They need to add a relationship status option on fb that says "having the baby of..."
I'm quitting my job and I'm just going to become a professional drunk girls mistake.
A girl just asked me to co-sign for her boob job because she didn't have enough credit built up. This is a first.
I'm the only adult here not drinking and their 2 year old daughter is trying to play dolls with me.. I've never been so demoralized in my life.
Did you pour a hundred fucking pounds of sand in my car last night?
lol... you weighed it?
Kinda sad when you get home on a Sunday morning and the paper guy HAND DELIVERS the newspaper to you...,
nothing says "functioning mature adult" like sneaking beer out of your mom's fridge in a lunchbox
We're looking for the removeable roof from her Miata. Winner gets a 40.
I am never going on a blind date ever again. He drank way too much and kept telling me I had a nice boob. Like.. Singular. What's the other one? The ugly twin?

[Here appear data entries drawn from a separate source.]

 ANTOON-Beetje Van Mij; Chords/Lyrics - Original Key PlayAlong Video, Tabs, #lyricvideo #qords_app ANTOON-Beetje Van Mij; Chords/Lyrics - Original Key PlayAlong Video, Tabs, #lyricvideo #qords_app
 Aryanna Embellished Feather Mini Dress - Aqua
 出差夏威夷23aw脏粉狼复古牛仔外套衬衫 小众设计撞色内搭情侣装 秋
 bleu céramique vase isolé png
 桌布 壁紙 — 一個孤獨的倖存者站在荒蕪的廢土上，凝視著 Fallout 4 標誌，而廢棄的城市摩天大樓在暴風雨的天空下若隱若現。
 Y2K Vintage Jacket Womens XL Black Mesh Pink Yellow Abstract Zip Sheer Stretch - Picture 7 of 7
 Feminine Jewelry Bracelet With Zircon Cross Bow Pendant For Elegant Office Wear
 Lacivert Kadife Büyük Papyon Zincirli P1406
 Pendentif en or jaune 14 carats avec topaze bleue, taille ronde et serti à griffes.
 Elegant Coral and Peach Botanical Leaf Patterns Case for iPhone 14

Also, I would just like to reiterate my apologies for tearing up in the grocery store.
I hate how much more visible my vomit is on snow, I need a winter vomit bush
Serious concern: will TSA confiscate my bondage rope?
he's really high and upset. he just found out alice from the brady bunch died
Ahh yes. I lost my pants and swimming suit and phone charger. And I've found out who has them all even while hungover. Successful day. Nice party too.
I just elbowed a roll of wrapping paper, and said “ohh sorry”. I’m still drunk.